Further down are entries; set down exactly and only the lines from the one with "Used 2026 Chevrolet" up to and including the one with "बैकहो लोडर Terex 820", dropping each picture.

Short web captions:
┌────────

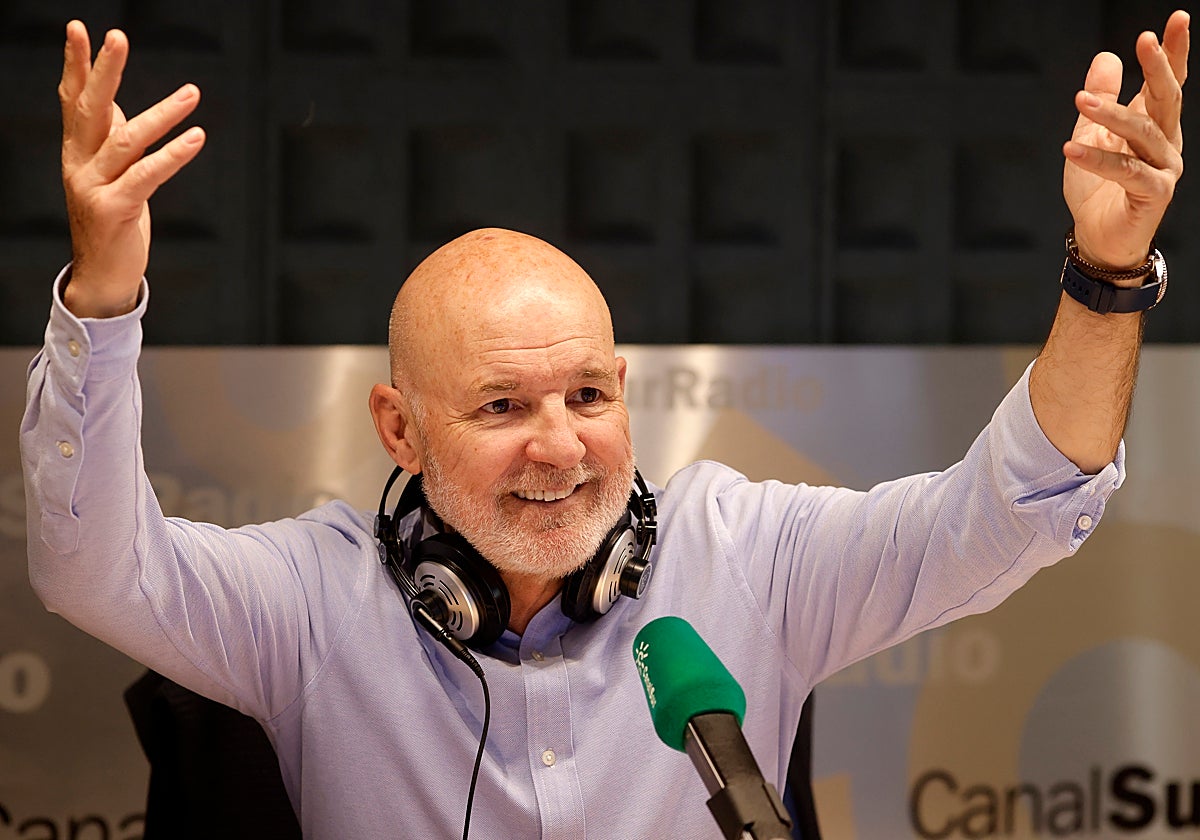 Jesús Vigorra en plena faena en Canal Sur Radio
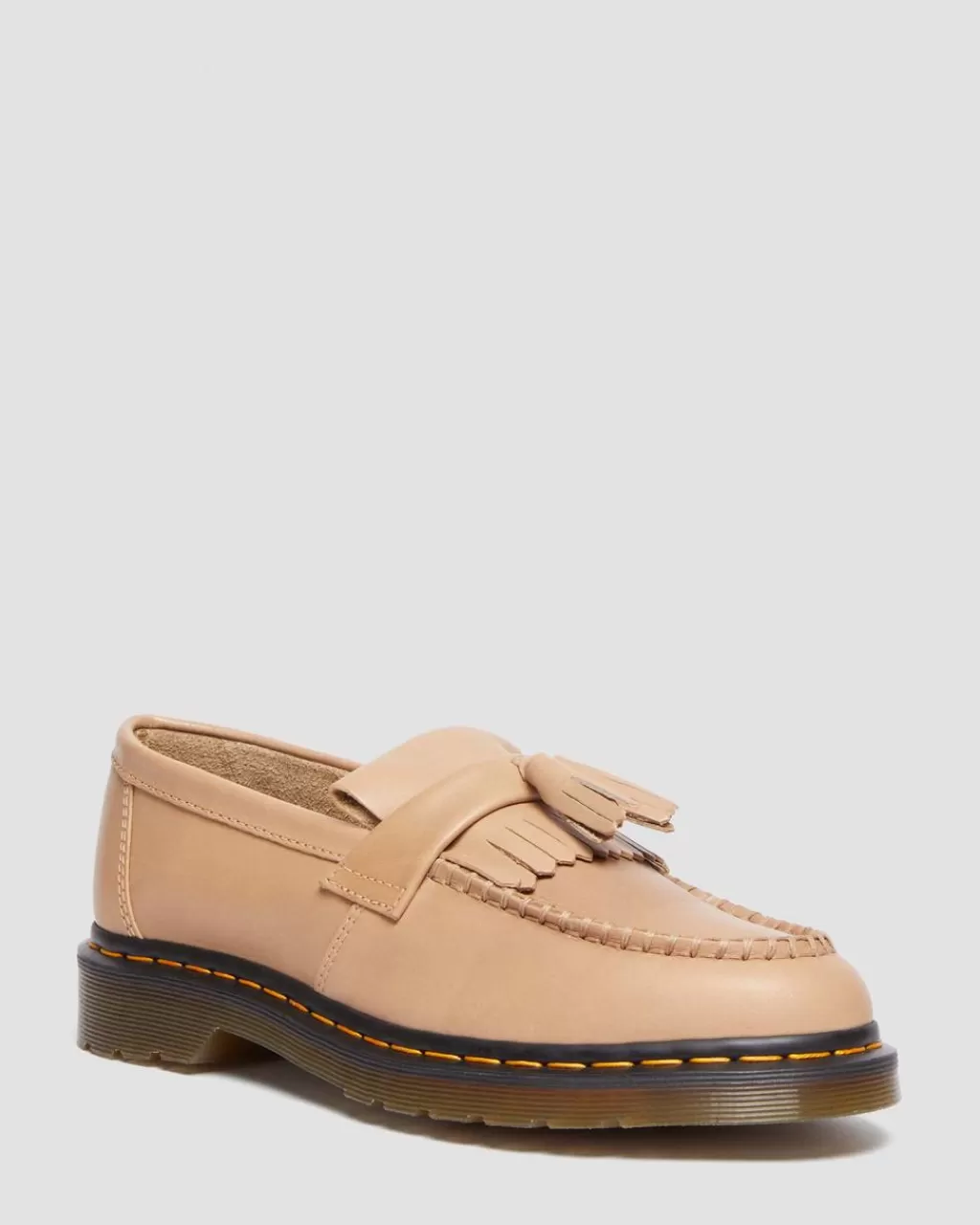 Clearance Dr Martens Adrian-Loafers I Carrara-Laeder Med Kvast Beige Carrara30686250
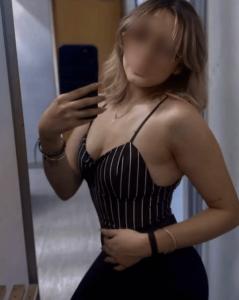 603990129: Chica busca chico en Barcelona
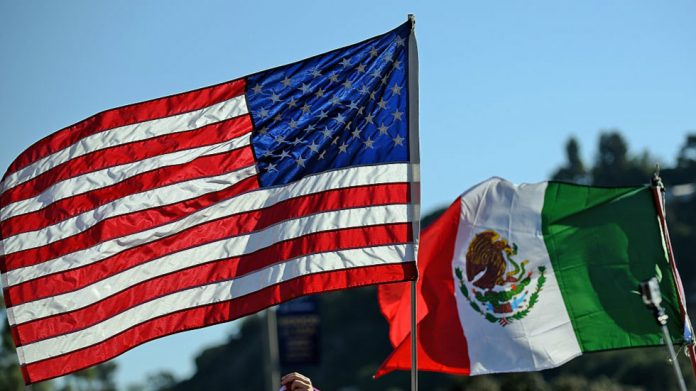 O México quer impedir a eventual guerra comercial com os Estados Unidos que, segundo analistas, pode levar sua economia a uma recessão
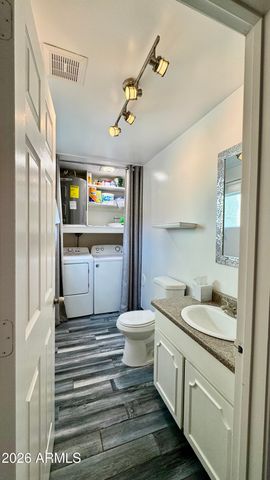 1012 E HIGHLAND Avenue, Phoenix, AZ 85014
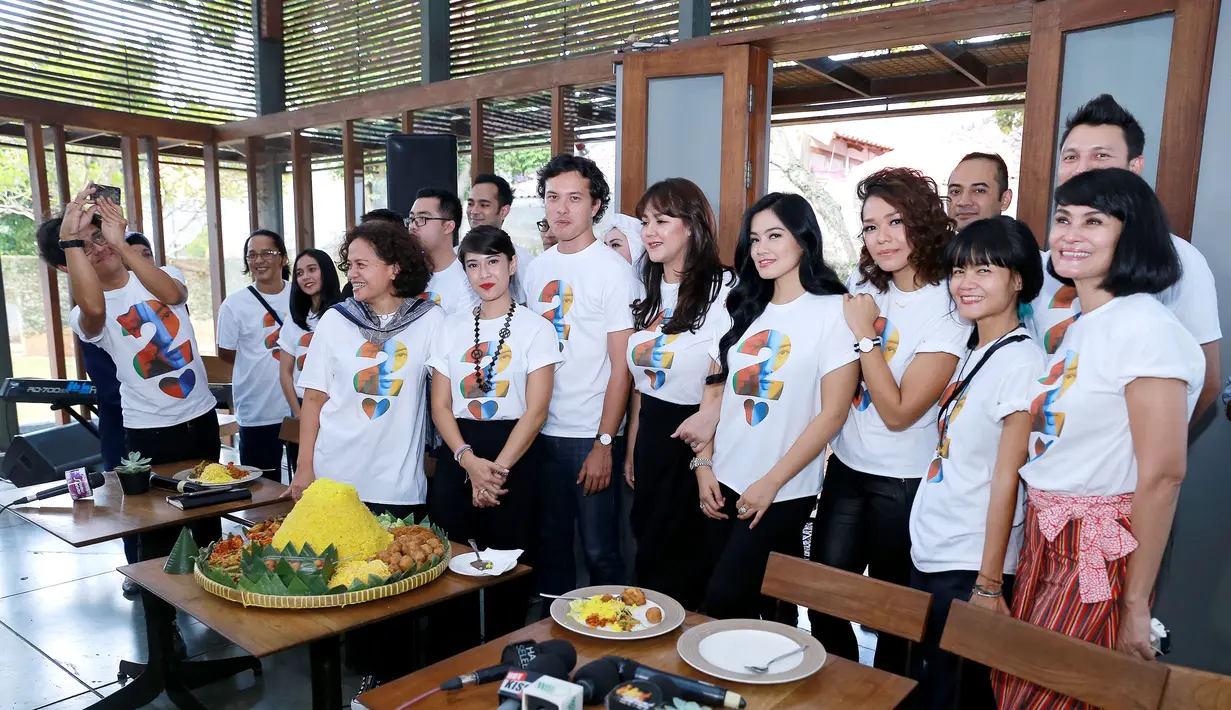 Film AADC 2 yang kehilangan satu pemain mereka, Ladya Cherryl, direncanakan rilis di bioskop pada April 2016 mendatang. Mereka menggelar syukuran pra syuting di kawasan Kemang, Jakarta Selatan, Rabu (21/10/2015). (Galih W. Satria/Bintang.com)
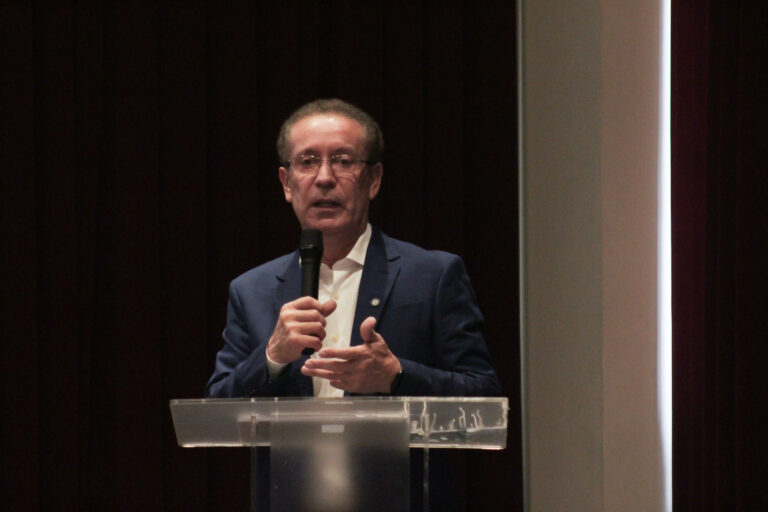 prefeito de Canoas, Airton Souza, falando em solenidade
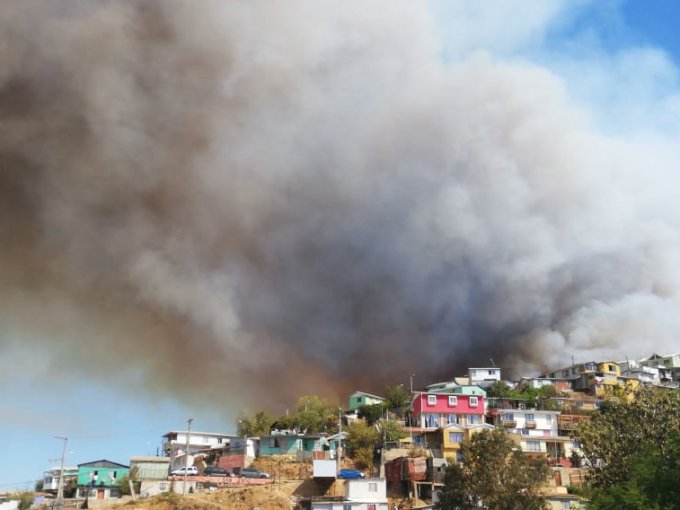 Declaran Alerta Roja para la comuna de Valparaíso por incendio forestal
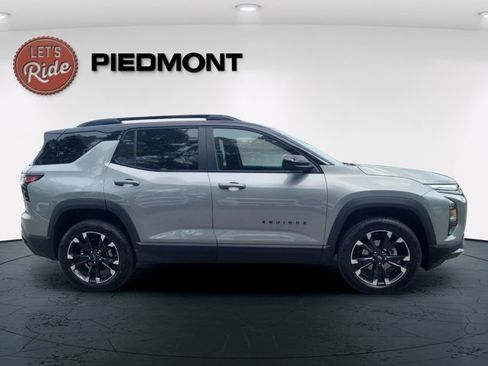 Used 2026 Chevrolet Equinox RS w/ Convenience Package III FWD image 5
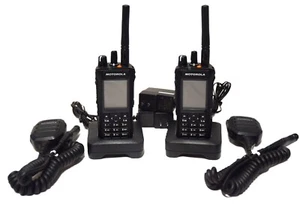 Pair Motorola R7 UHF Two-Way Radio AAH06RDN9RA1AN w/RM780 Mic & Charger - Zdjęcie 1 z 16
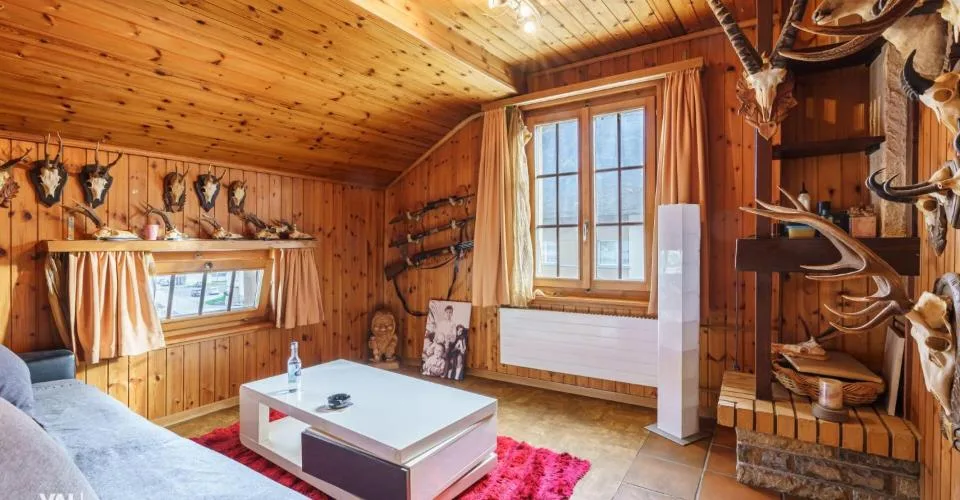 Restaurant très central « Sport » et appartement duplex de 4,5 pièces au dessus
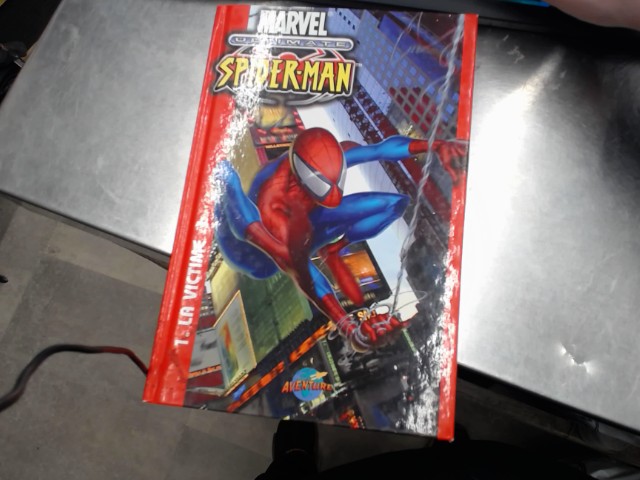 Comic spiderman ultimate 2001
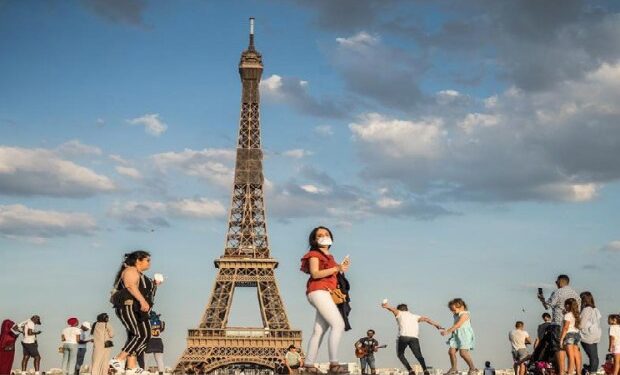 La Torre Eiffel reabrió después de 104 días
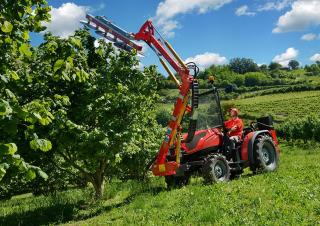 बैकहो लोडर Terex 820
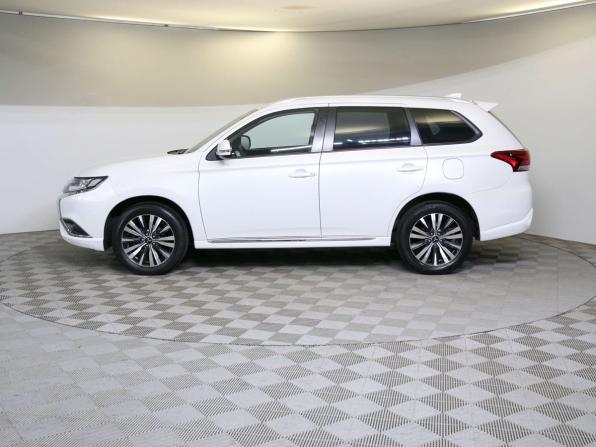 Mitsubishi Outlander III Рестайлинг 3 с пробегом 2022 года, цена 2 525 000 рублей, 33092 км, внедорожник, Автокод Объявления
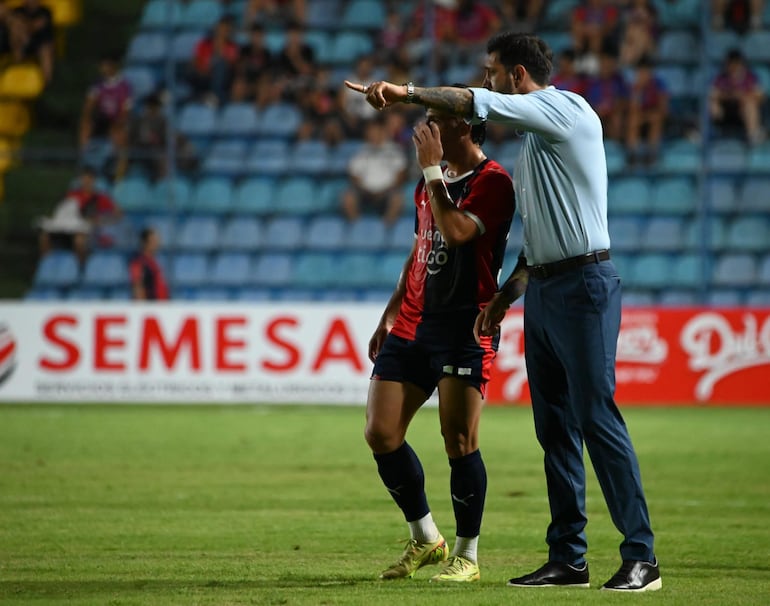El uruguayo Jorge Bava, entrenador de Cerro Porteño, en el partido ante Sportivo San Lorenzo por la segunda fecha del torneo Apertura 2026 de la Primera División de Paraguay en el estadio Erico Galeano, en Asunción, Paraguay.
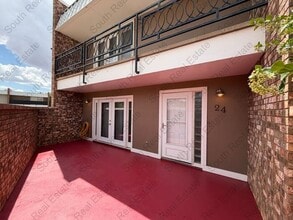 Building Photo - 2 Bed 2.5 Bath Condo on the golf course!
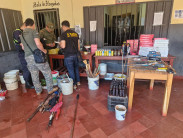 Revista em presídio paraguaio encontra armas e drogas em meio a disputa entre facções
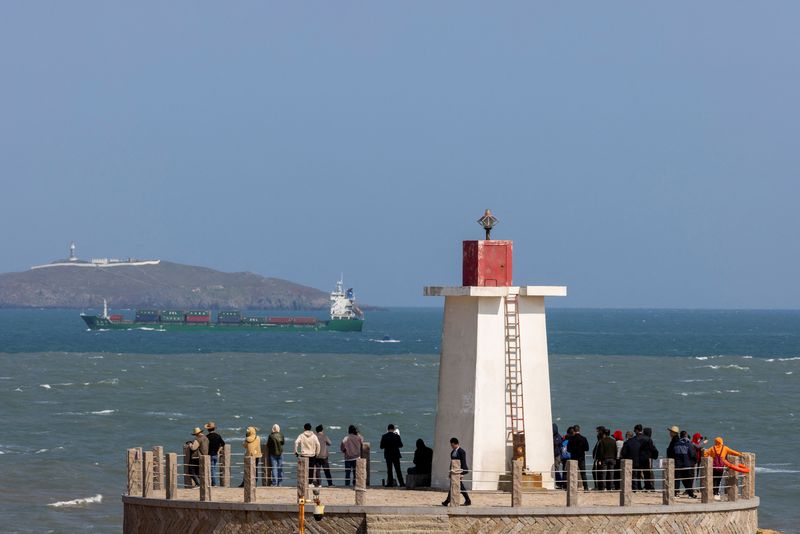 &copy; Reuters. 中国人民解放軍は１２日、台湾海峡を飛行した米海軍の対潜哨戒機を監視して警告を発するため、戦闘機を派遣したと発表した。中国の平潭島から台湾側を臨む、４月撮影。（2023年　ロイ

└────────

Answer to this task
 Used 2026 Chevrolet Equinox RS w/ Convenience Package III FWD image 5
 Pair Motorola R7 UHF Two-Way Radio AAH06RDN9RA1AN w/RM780 Mic & Charger - Zdjęcie 1 z 16
 Restaurant très central « Sport » et appartement duplex de 4,5 pièces au dessus
 Comic spiderman ultimate 2001
 La Torre Eiffel reabrió después de 104 días
 बैकहो लोडर Terex 820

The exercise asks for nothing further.